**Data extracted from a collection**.
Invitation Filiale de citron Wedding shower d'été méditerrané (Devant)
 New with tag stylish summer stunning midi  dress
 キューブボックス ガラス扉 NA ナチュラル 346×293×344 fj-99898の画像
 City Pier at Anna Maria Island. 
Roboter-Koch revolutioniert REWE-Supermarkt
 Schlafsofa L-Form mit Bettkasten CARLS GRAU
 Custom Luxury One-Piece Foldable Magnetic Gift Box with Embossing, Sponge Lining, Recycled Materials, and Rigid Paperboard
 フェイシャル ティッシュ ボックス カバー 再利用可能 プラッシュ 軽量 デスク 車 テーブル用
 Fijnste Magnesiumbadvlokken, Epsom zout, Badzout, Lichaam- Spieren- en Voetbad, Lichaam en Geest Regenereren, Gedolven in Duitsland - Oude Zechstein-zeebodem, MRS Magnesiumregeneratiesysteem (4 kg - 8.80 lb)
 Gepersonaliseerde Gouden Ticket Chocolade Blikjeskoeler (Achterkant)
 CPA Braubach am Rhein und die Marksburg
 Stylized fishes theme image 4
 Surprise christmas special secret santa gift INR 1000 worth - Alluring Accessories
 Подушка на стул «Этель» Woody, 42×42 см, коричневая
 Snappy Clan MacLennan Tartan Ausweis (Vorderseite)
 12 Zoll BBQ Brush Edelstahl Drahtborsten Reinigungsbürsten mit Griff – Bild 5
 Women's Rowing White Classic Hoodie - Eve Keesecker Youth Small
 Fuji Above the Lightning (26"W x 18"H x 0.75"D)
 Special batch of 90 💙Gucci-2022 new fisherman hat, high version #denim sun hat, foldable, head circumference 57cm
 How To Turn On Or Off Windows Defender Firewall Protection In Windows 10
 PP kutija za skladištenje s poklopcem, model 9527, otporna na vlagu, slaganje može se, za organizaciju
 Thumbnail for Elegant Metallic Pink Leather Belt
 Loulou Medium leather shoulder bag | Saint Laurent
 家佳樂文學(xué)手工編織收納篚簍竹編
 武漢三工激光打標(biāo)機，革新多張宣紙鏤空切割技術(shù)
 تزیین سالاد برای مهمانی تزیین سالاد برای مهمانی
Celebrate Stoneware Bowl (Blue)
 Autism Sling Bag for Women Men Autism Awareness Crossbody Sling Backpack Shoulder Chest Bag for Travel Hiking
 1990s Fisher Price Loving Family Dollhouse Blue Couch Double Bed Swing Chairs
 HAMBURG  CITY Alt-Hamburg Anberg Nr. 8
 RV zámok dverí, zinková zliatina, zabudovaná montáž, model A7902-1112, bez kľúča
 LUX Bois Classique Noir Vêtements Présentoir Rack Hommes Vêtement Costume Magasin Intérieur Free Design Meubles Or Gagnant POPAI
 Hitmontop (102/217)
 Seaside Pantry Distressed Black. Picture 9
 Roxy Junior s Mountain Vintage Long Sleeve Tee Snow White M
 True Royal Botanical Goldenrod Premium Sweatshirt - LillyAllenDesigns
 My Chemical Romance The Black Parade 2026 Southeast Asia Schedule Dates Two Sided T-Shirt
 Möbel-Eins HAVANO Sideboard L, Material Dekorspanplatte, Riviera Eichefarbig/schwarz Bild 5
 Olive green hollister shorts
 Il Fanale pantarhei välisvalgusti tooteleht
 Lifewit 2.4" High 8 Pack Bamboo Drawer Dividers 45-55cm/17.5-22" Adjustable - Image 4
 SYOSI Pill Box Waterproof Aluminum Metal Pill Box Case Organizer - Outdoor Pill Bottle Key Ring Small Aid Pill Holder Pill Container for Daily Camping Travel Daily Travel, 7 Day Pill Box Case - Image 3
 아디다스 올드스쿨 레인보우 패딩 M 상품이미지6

**TO DO**.
Scan the entries above for the string "White" and copy each line containing it.

**OUTPUT OF THE TASK**.
 Women's Rowing White Classic Hoodie - Eve Keesecker Youth Small
 Roxy Junior s Mountain Vintage Long Sleeve Tee Snow White M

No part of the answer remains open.